Originally Posted by

**HyperKaehler** A lot of people have problems with this. I think it is because it is not taught too clearly in school - they do not differentiate multiplication enough from addition, and so when variables are involved and the expressions are complicated people tend to confuse the two. I can't say I can explain it more clearly in a few sentences, but I can offer a few examples.

Say you are given the following algebraic fraction:

$\displaystyle \frac{(x)(x)(a)}{(x)(1)}$

Now in this case it is very simple, because everything is written very neatly and there is no addition confusing things for you. So it should be easy to simplify this one: all you do is cancel an x on the top and an x on the bottom; they cancel each other out. So you are left with:

$\displaystyle \frac{(x)(a)}{(1)}$

and as you probably know this can just be written as

$\displaystyle xa$

(If you didn't understand that step, tell me and I'll explain in more detail.)

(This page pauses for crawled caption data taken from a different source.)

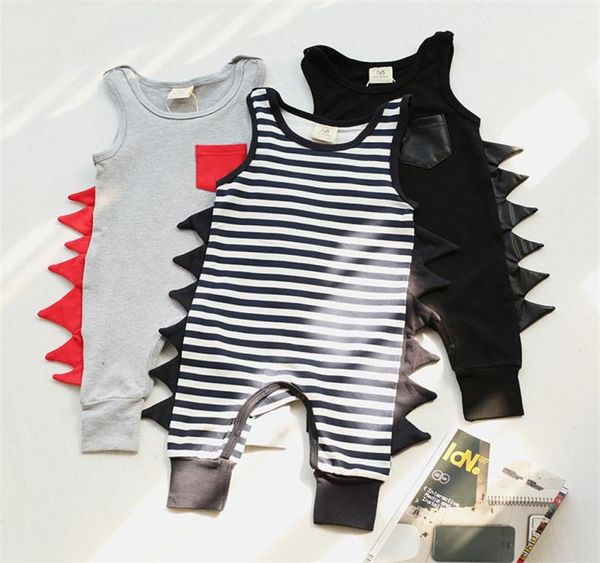 

baby boys girls sleeveless dinosaur jumpsuits cotton toddler infant climbing clothes newborn rompers onesies kids summer clothing2538608, Blue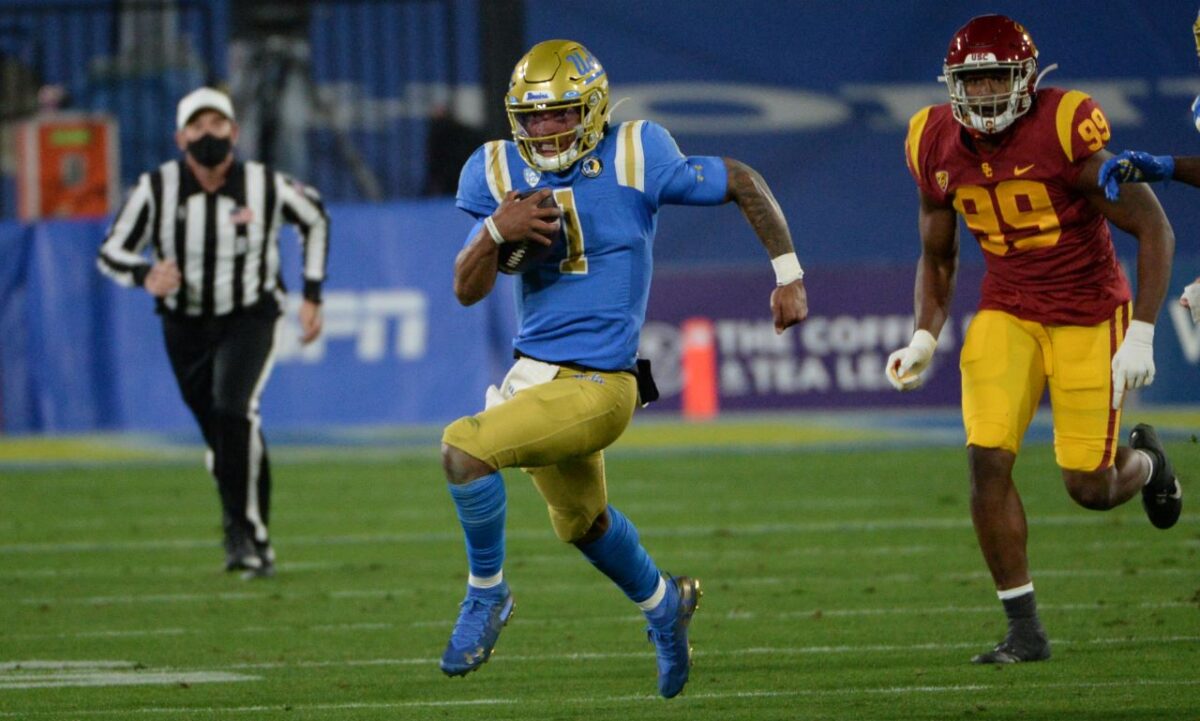 UCLA quarterback rushed for 58 yards and passed for 364 yards and four touchdowns in the Bruins' 43-38 defeat to the USC Trojans at the Rose Bowl on Saturday, Dec. 12, 2020. Photo credit: UCLA Athletics 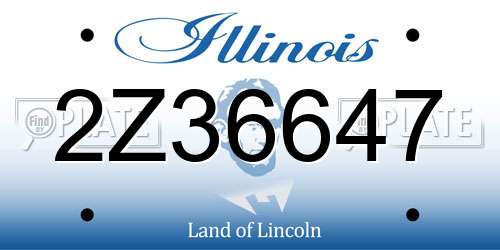 2Z36647 Illinois License Plate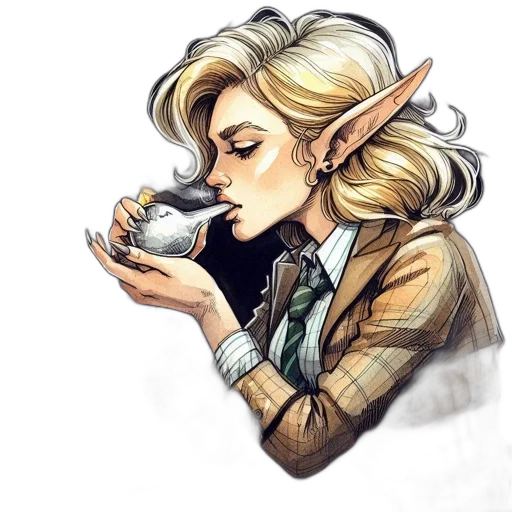 dragon, staff, fantasy art, watercolor transparent PNG cut-out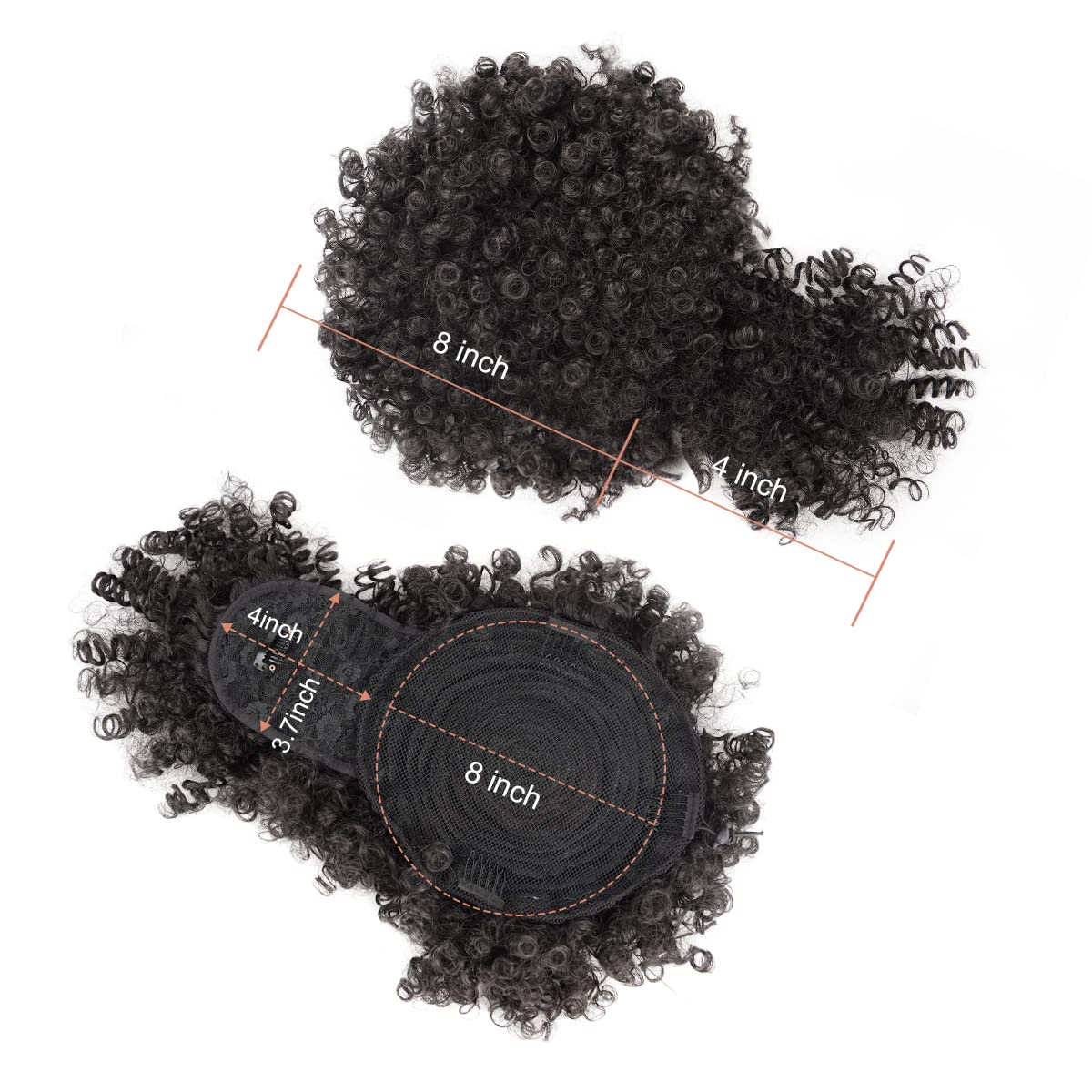 Cetiq Cola de caballo afro con cordón y flequillo, cola de caballo con cordón para mujer, extensiones de cabello rizado rizado con clip, extensiones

It turns out that the difficult part is not the canceling; it's getting the fraction into a form which makes it easy for you to cancel. Let's look at a harder one:

$\displaystyle \frac{x^2a-x^3b}{x}$

For this one, to get it in an easier form, we have to factor. First, we expand the $\displaystyle x^2$ and $\displaystyle x^3$ in the numerator. Since $\displaystyle x^2$ is just shorthand for x*x, and since $\displaystyle x^3$ is just shorthand for x*x*x, we can write

$\displaystyle \frac{xxa - xxxb}{x}$

Now, the important thing to remember is that you cannot cancel a variable on the top unless it is present in *all* of the things being added. That is, if you want to cancel an x on the top, you have to make sure there is an x in (x)(x)(a) *and* an x in (x)(x)(x)(b). Obviously there is! The first has two x's and the second has 3 x's. But we only have one x on the bottom, so we only need to take away one x from each term on the top.

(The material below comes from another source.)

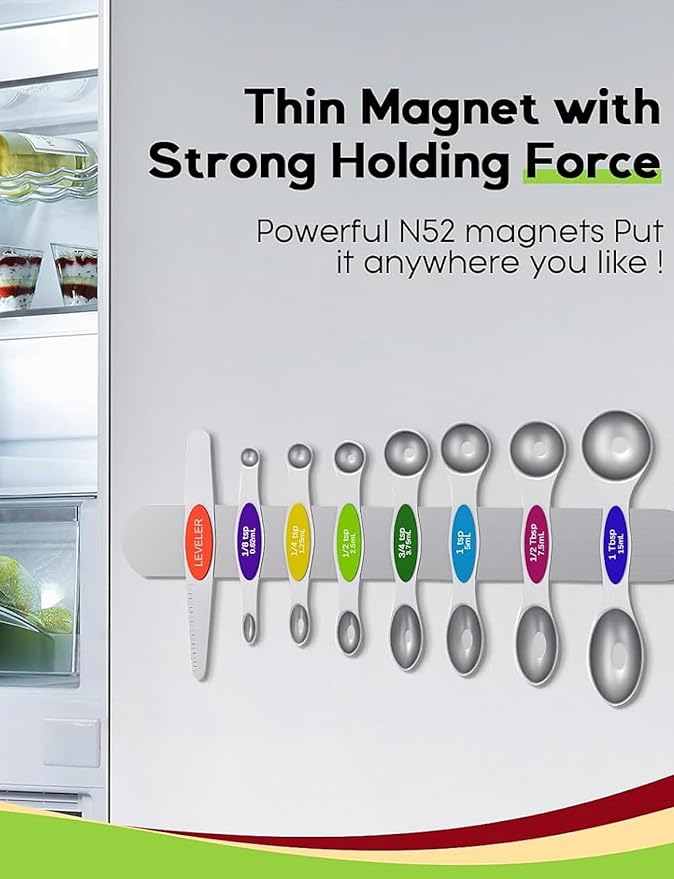 Magnetic Measuring Spoons Set Of 8, Heavy Duty 304 Stainless Steel Metal, Fits in Most Kitchen Spice Jars for Baking & Cooking, BPA Free,Measuring Dry & Liquid Ingredients (Light Colorful)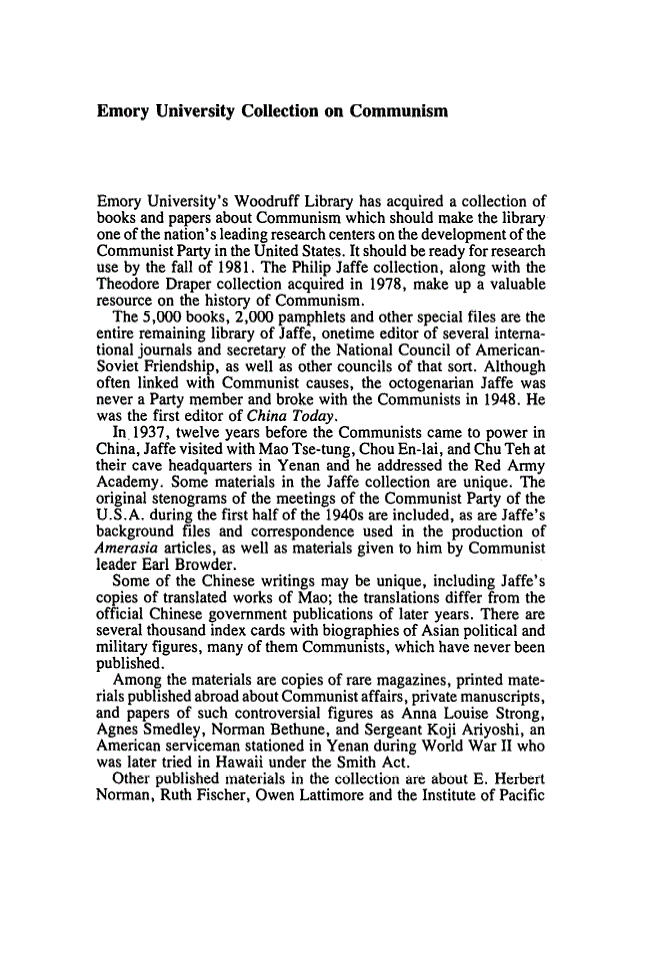 First page of Emory University collection on communism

A simpler way to say this is we just need to factor the numerator some more. We see that both the terms on the top have two x's in them. So we can use the distributive property to write the fraction like this:

$\displaystyle \frac{xx(a-xb)}{x}$

To make things really clear, it might help you to add an imaginary one to the denominator. Since x*1 is the same as x, we can change the denominator to x*1 like this:

$\displaystyle \frac{xx(a-xb)}{x1}$

Now we have the fraction in an easy form! Just like you did above, you can cancel one x on top and one x on bottom, and you are left with

$\displaystyle \frac{x(a-xb)}{1}$

which of course is the same thing as just

$\displaystyle x(a-xb)$

I hope this made sense. Please ask if you have any more questions!